■ **Activity**:
For the records that follow, please set down exactly the lines between the one holding "VOLKSWAGEN BORA 1998" and the one holding "LC Waikiki Ανδρικό", inclusive, and only those.

Short descriptive text snippets
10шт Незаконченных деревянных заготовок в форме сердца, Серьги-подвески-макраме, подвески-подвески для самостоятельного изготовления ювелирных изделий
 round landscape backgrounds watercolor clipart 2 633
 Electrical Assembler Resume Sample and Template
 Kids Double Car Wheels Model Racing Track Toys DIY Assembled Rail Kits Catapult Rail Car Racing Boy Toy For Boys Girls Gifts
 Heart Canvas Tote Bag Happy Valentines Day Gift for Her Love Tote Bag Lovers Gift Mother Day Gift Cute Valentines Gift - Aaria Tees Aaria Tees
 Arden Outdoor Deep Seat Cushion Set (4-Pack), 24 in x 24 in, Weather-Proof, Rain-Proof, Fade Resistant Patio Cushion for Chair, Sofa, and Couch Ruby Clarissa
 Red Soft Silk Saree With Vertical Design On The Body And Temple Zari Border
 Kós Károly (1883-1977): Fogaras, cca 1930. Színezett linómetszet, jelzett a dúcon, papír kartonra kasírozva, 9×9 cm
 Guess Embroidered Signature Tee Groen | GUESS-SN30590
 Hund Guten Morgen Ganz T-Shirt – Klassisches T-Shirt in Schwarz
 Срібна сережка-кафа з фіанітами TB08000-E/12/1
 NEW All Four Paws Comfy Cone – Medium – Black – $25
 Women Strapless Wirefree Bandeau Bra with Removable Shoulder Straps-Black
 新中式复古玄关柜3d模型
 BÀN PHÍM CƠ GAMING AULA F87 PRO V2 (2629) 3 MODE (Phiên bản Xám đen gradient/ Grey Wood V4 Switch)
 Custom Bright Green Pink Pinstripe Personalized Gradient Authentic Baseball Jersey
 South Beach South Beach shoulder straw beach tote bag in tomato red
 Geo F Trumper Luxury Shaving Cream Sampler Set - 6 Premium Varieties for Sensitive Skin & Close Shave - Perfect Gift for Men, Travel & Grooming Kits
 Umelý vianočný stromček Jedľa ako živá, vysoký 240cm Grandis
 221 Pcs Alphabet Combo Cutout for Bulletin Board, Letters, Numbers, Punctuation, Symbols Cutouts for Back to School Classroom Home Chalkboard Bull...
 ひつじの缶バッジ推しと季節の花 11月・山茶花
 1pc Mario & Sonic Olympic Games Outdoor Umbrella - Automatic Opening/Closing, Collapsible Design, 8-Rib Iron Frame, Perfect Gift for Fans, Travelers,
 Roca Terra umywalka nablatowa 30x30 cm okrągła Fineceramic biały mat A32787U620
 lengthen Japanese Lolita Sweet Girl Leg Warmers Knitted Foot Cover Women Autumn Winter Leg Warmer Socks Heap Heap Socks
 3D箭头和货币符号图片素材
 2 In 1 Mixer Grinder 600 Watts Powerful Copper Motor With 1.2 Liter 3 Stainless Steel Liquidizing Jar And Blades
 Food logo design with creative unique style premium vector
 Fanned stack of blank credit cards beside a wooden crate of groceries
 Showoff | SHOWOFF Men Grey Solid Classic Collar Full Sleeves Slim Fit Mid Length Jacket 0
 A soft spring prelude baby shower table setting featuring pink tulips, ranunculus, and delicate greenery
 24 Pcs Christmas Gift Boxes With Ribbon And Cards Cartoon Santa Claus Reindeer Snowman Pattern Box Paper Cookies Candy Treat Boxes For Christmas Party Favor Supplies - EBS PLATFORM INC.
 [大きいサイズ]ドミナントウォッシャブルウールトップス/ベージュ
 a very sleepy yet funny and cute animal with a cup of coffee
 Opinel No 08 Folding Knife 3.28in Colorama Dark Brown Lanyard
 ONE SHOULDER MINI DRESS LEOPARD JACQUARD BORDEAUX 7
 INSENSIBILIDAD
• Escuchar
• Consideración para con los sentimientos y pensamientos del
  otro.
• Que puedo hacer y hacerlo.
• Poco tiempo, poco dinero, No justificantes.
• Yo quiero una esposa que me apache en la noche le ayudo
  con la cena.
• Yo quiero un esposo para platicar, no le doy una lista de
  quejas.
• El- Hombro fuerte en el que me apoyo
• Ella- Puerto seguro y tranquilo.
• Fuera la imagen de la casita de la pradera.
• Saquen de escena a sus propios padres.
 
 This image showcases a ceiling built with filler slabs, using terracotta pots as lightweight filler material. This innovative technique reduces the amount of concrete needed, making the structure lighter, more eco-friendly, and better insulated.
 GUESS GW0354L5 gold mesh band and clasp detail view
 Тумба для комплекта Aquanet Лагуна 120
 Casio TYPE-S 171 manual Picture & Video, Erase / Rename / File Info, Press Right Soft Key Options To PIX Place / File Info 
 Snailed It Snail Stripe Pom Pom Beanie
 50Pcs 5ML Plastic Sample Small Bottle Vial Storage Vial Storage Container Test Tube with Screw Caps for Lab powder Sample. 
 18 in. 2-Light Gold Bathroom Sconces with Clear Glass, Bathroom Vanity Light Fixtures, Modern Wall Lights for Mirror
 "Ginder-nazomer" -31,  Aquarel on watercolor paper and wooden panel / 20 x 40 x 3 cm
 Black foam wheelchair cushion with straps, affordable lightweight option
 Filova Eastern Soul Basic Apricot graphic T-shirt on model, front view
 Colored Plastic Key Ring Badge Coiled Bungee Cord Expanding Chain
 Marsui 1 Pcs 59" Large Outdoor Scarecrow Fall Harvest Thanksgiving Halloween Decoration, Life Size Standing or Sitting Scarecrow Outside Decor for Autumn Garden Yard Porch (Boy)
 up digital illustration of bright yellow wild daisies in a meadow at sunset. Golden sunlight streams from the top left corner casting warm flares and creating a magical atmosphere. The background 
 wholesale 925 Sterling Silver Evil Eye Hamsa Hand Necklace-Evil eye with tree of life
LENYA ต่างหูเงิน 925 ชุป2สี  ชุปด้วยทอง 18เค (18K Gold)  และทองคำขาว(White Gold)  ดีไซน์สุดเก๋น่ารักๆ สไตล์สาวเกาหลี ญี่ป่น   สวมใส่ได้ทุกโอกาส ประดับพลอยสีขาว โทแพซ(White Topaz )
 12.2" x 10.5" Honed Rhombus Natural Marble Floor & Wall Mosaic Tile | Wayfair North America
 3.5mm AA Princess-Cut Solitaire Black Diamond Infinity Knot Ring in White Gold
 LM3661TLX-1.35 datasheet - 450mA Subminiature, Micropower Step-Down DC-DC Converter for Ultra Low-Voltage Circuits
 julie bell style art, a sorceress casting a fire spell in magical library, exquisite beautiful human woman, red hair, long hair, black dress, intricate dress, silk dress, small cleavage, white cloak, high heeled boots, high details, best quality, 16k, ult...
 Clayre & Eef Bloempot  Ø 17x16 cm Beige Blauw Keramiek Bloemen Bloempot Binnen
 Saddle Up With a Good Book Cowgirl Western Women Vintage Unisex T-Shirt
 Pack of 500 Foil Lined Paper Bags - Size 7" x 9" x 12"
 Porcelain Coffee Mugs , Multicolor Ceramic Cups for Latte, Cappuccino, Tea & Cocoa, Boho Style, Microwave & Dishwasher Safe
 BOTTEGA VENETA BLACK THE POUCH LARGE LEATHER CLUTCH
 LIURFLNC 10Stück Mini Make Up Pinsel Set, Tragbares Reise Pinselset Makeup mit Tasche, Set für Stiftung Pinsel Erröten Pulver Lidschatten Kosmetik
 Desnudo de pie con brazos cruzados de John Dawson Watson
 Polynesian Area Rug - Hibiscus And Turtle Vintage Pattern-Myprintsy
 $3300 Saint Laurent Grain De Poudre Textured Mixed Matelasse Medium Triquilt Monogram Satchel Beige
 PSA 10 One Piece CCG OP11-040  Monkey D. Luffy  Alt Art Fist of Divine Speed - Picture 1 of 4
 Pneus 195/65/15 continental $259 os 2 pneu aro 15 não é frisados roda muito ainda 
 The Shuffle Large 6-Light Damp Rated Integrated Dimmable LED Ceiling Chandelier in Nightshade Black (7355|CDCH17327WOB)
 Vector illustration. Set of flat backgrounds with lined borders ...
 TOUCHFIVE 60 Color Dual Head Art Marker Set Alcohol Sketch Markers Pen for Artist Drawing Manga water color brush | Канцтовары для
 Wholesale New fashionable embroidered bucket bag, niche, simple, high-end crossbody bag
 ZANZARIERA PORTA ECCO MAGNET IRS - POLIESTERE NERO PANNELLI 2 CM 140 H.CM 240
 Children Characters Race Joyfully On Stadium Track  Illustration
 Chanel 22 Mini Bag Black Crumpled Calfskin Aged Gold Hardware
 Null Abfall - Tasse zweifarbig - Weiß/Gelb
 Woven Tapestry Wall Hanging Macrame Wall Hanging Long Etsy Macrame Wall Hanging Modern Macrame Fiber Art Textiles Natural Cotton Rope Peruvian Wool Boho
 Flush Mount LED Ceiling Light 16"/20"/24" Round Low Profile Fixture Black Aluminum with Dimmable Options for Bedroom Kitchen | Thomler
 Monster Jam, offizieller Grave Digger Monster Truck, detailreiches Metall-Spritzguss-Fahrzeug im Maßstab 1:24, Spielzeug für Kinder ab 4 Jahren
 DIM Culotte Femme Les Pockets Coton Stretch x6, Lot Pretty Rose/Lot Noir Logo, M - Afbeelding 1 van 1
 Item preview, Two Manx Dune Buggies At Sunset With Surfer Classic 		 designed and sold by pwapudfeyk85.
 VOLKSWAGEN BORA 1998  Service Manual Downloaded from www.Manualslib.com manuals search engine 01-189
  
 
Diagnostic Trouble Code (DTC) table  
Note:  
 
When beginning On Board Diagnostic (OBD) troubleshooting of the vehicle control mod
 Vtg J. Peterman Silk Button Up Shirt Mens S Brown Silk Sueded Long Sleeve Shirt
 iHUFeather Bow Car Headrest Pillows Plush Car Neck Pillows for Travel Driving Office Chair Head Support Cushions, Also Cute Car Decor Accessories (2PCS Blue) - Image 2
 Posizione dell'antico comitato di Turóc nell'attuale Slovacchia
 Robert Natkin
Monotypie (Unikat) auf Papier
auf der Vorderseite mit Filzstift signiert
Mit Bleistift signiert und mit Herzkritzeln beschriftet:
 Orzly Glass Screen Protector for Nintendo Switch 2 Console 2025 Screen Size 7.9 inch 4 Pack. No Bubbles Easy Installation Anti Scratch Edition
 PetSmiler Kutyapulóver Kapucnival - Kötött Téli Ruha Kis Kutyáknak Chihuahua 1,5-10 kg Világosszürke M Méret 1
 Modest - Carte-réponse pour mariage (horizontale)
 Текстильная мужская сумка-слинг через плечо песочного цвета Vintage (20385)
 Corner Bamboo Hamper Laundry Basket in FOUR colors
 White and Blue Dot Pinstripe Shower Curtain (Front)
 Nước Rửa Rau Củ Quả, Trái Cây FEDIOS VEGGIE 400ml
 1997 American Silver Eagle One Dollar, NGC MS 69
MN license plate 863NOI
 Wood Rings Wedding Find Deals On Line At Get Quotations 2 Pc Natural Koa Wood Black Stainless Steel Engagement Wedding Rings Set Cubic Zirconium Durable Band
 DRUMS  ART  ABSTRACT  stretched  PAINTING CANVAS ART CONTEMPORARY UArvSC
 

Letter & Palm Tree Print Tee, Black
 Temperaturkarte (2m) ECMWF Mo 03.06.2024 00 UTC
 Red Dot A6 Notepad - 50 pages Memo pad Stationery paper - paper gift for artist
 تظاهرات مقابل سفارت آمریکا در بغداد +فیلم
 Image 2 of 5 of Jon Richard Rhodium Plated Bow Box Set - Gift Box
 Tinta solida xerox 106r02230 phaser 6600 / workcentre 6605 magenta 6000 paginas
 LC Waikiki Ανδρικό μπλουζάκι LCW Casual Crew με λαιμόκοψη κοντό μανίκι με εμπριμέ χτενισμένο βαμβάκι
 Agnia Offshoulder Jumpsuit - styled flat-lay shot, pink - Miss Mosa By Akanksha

■ **Reply**:
 VOLKSWAGEN BORA 1998  Service Manual Downloaded from www.Manualslib.com manuals search engine 01-189
  
 
Diagnostic Trouble Code (DTC) table  
Note:  
 
When beginning On Board Diagnostic (OBD) troubleshooting of the vehicle control mod
 Vtg J. Peterman Silk Button Up Shirt Mens S Brown Silk Sueded Long Sleeve Shirt
 iHUFeather Bow Car Headrest Pillows Plush Car Neck Pillows for Travel Driving Office Chair Head Support Cushions, Also Cute Car Decor Accessories (2PCS Blue) - Image 2
 Posizione dell'antico comitato di Turóc nell'attuale Slovacchia
 Robert Natkin
Monotypie (Unikat) auf Papier
auf der Vorderseite mit Filzstift signiert
Mit Bleistift signiert und mit Herzkritzeln beschriftet:
 Orzly Glass Screen Protector for Nintendo Switch 2 Console 2025 Screen Size 7.9 inch 4 Pack. No Bubbles Easy Installation Anti Scratch Edition
 PetSmiler Kutyapulóver Kapucnival - Kötött Téli Ruha Kis Kutyáknak Chihuahua 1,5-10 kg Világosszürke M Méret 1
 Modest - Carte-réponse pour mariage (horizontale)
 Текстильная мужская сумка-слинг через плечо песочного цвета Vintage (20385)
 Corner Bamboo Hamper Laundry Basket in FOUR colors
 White and Blue Dot Pinstripe Shower Curtain (Front)
 Nước Rửa Rau Củ Quả, Trái Cây FEDIOS VEGGIE 400ml
 1997 American Silver Eagle One Dollar, NGC MS 69
MN license plate 863NOI
 Wood Rings Wedding Find Deals On Line At Get Quotations 2 Pc Natural Koa Wood Black Stainless Steel Engagement Wedding Rings Set Cubic Zirconium Durable Band
 DRUMS  ART  ABSTRACT  stretched  PAINTING CANVAS ART CONTEMPORARY UArvSC
 

Letter & Palm Tree Print Tee, Black
 Temperaturkarte (2m) ECMWF Mo 03.06.2024 00 UTC
 Red Dot A6 Notepad - 50 pages Memo pad Stationery paper - paper gift for artist
 تظاهرات مقابل سفارت آمریکا در بغداد +فیلم
 Image 2 of 5 of Jon Richard Rhodium Plated Bow Box Set - Gift Box
 Tinta solida xerox 106r02230 phaser 6600 / workcentre 6605 magenta 6000 paginas
 LC Waikiki Ανδρικό μπλουζάκι LCW Casual Crew με λαιμόκοψη κοντό μανίκι με εμπριμέ χτενισμένο βαμβάκι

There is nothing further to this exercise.